Brief descriptive captions
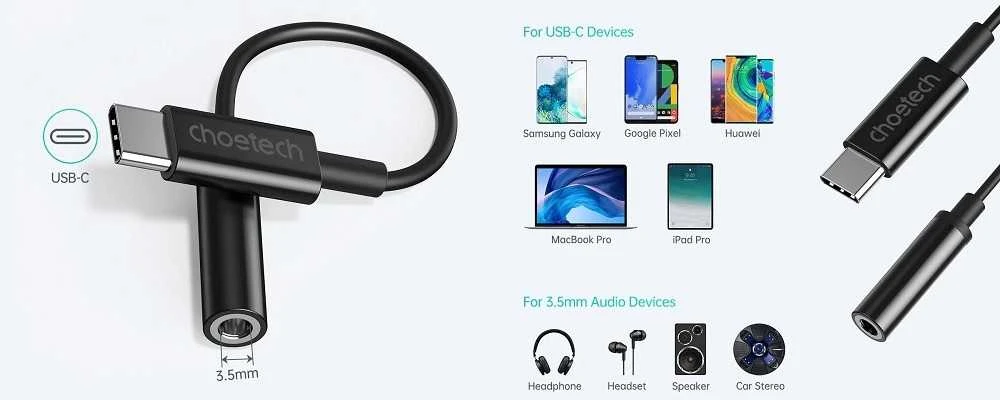 Adapteris CHOETECH USB Type-C (M) - ausinių jungtis 3.5mm (F)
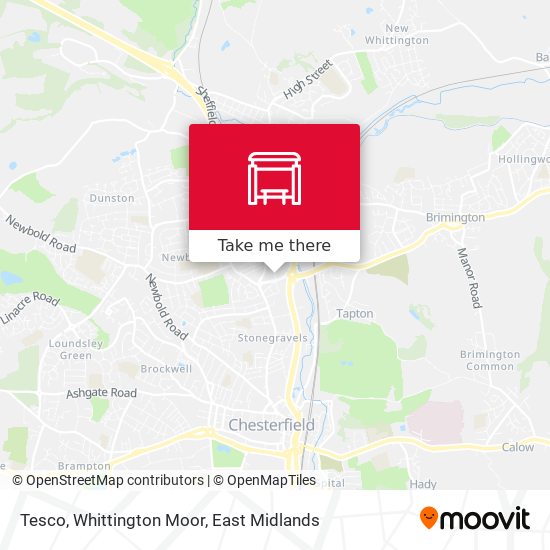 Tesco, Whittington Moor map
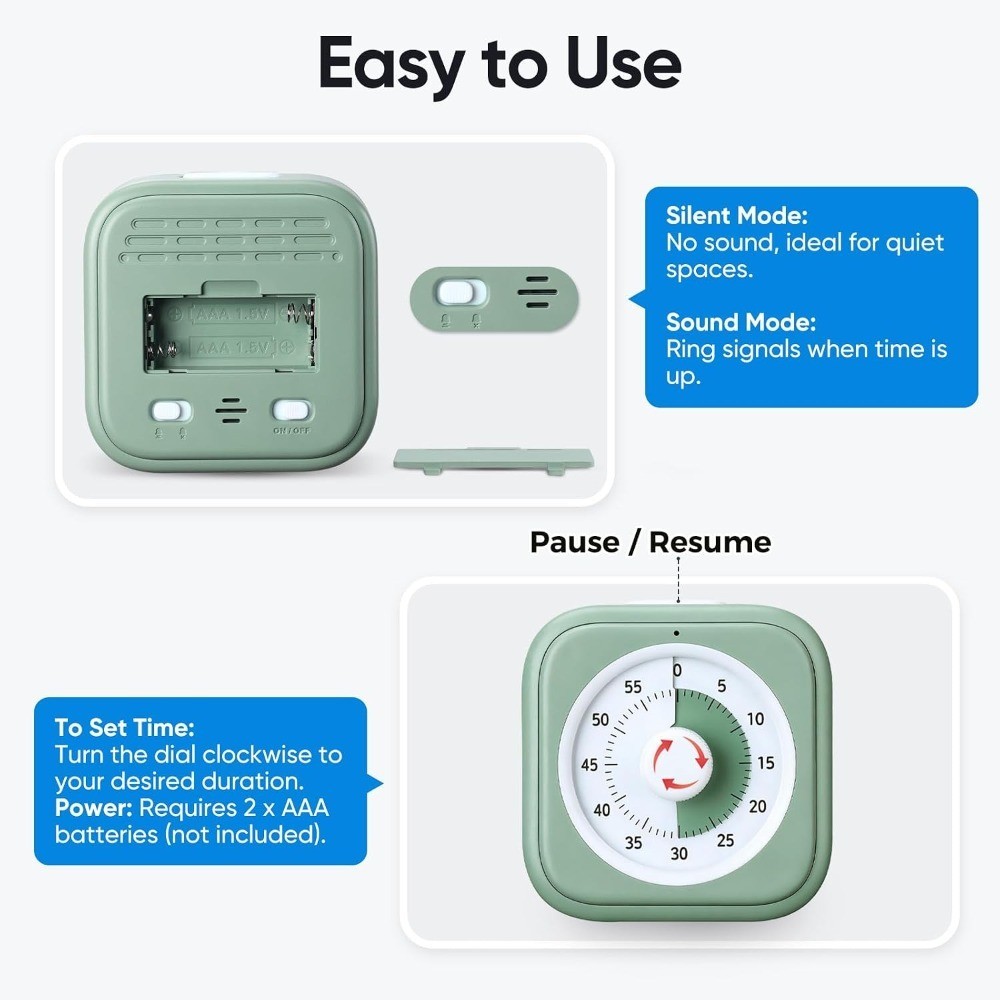 60 Minute Visual Timer for , Silent Countdown Clock, Time Management Tool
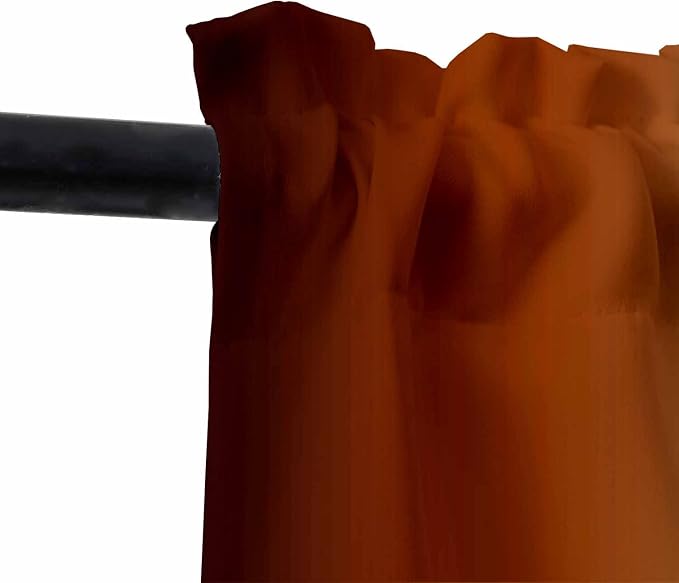 Burnt Orange Kitchen Curtains 2 Panels for Dining Room Abstract Rust Art Painting Curtain 39 inch Length Semi Sheer Rod Pocket Window Treatment Panel for Livingroom,27.5"x39"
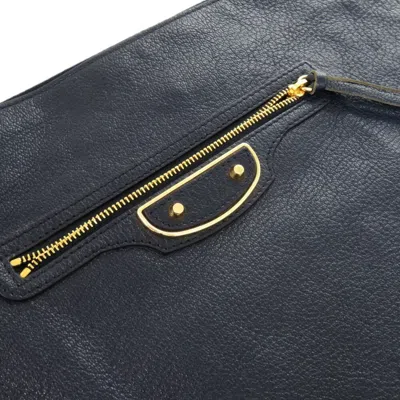 Pre-owned Balenciaga Navy Leather Clutch Bag () In Blue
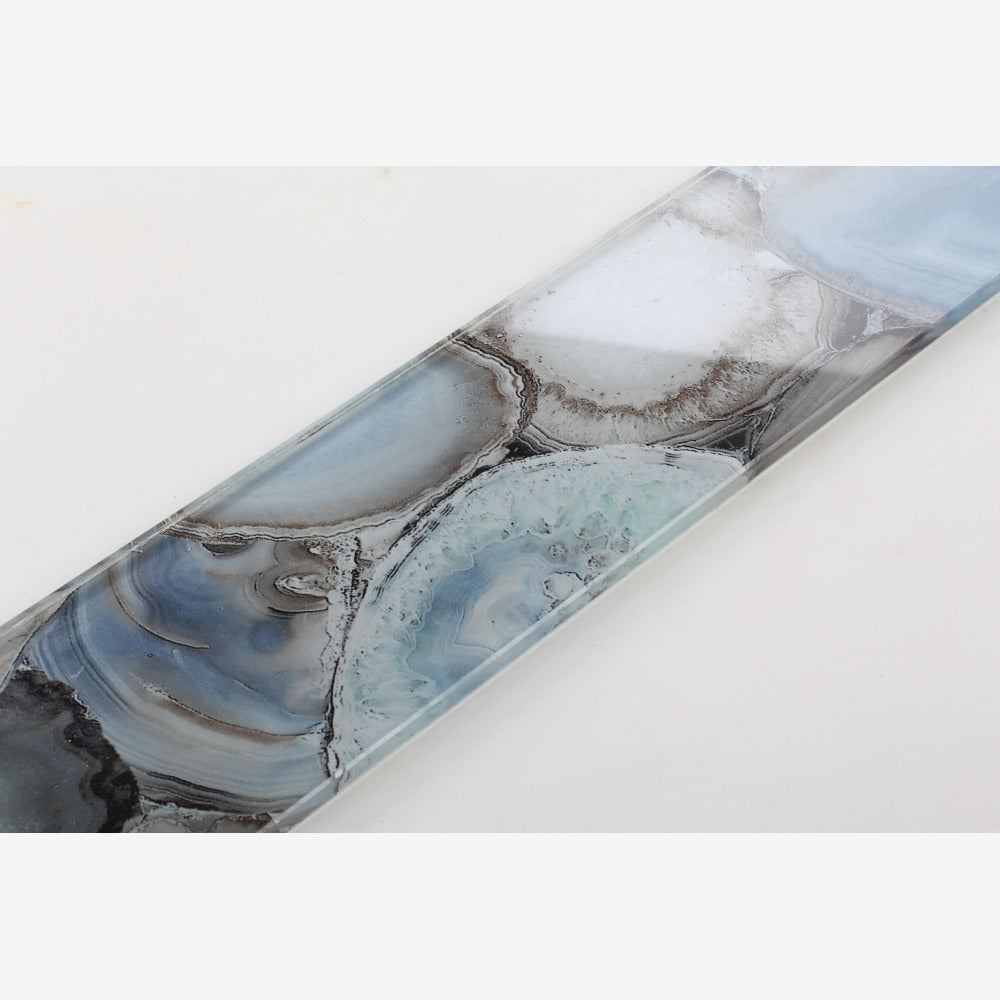 Oceanis Shell Blue 4x24 Glass Tile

# About this exercise
The answer should contain only the lines from the start of the records above through the line with "Burnt Orange Kitchen", copied exactly, and no pictures.

# Reply to the task
 Adapteris CHOETECH USB Type-C (M) - ausinių jungtis 3.5mm (F)
 Tesco, Whittington Moor map
 60 Minute Visual Timer for , Silent Countdown Clock, Time Management Tool
 Burnt Orange Kitchen Curtains 2 Panels for Dining Room Abstract Rust Art Painting Curtain 39 inch Length Semi Sheer Rod Pocket Window Treatment Panel for Livingroom,27.5"x39"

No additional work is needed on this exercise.